WHAT IS BEING ASKED:
Please retype all of the entries that follow, leaving the images out.

(Short text fragments from websites)
________________
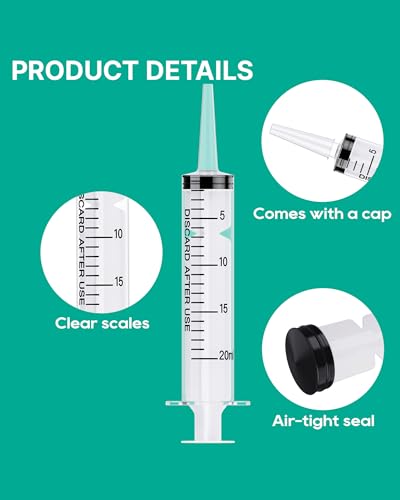 30 Pack 20ml Oral Syringes for Liquid without Needle Individually Wrapped | with cap, clear scale, non-slip bottom for pet feeding, liquid dispensing, scientific labs, plant cultivation and crafts - style: 20ml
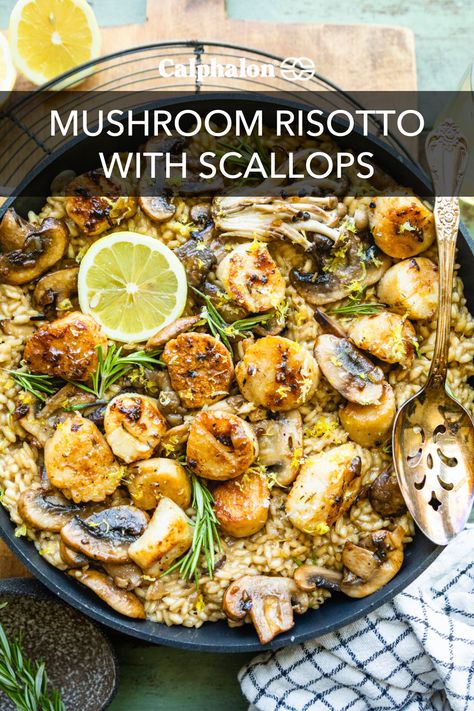 #Calphalon #CalphalonKitchen #CookwithCalphalon #CalphalonCooks #CookAtHome #HomeCooking #HomemadeCooking #Cookware #Kitchenware #KitchenTools #HomeKitchen #HomeChef #Cook #Chefstagram #Cutlery #Bakeware #Appliances #Cookware #Recipe #Risotto Scallops And Mushrooms Recipe, Scallop Risotto Recipes, Risotto With Scallops, Fun Recipes To Make, Risotto Recipes Easy, Calphalon Cookware, Creamy Risotto, Scallops Recipe, Shrimp Risotto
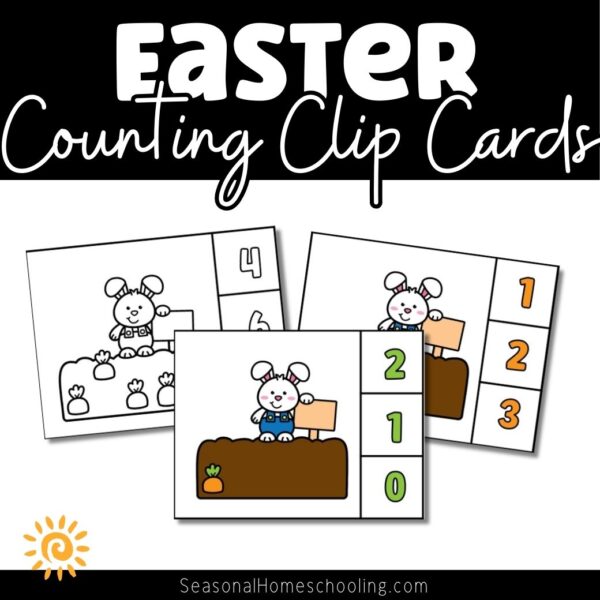 Easter Carrot Counting Clip Cards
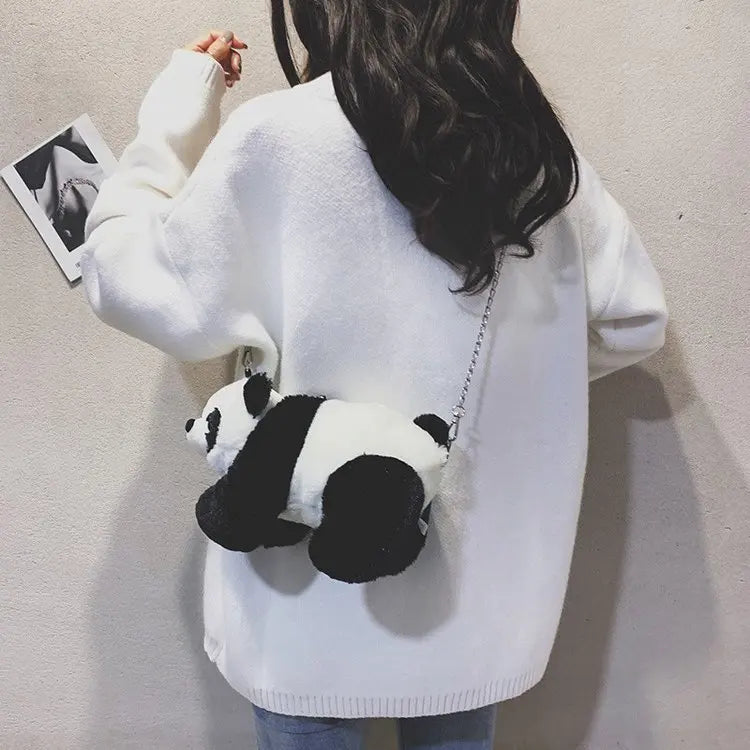 Bolso pequeño para mujer, bonito bolso de rana panda, bolsos de peluche suaves, bolsos cruzados con correa de cadena, bolso de hombro para mujer, bolso para teléfono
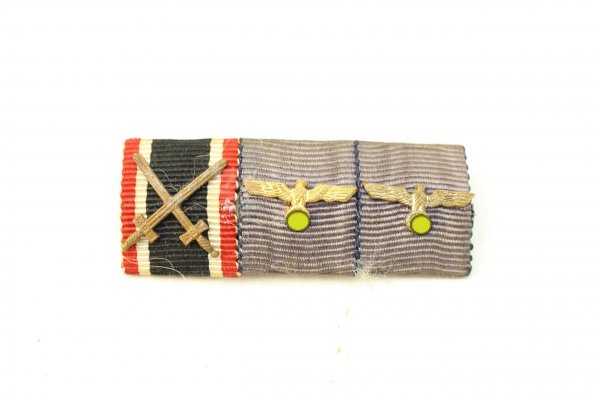 3 er Feldspange, Bandspange Kriegsverdienstkreuz und 2 x Dienstauszeichnung der Wehrmacht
________________
EXPECTED ANSWER:
 30 Pack 20ml Oral Syringes for Liquid without Needle Individually Wrapped | with cap, clear scale, non-slip bottom for pet feeding, liquid dispensing, scientific labs, plant cultivation and crafts - style: 20ml
 #Calphalon #CalphalonKitchen #CookwithCalphalon #CalphalonCooks #CookAtHome #HomeCooking #HomemadeCooking #Cookware #Kitchenware #KitchenTools #HomeKitchen #HomeChef #Cook #Chefstagram #Cutlery #Bakeware #Appliances #Cookware #Recipe #Risotto Scallops And Mushrooms Recipe, Scallop Risotto Recipes, Risotto With Scallops, Fun Recipes To Make, Risotto Recipes Easy, Calphalon Cookware, Creamy Risotto, Scallops Recipe, Shrimp Risotto
 Easter Carrot Counting Clip Cards
 Bolso pequeño para mujer, bonito bolso de rana panda, bolsos de peluche suaves, bolsos cruzados con correa de cadena, bolso de hombro para mujer, bolso para teléfono
 3 er Feldspange, Bandspange Kriegsverdienstkreuz und 2 x Dienstauszeichnung der Wehrmacht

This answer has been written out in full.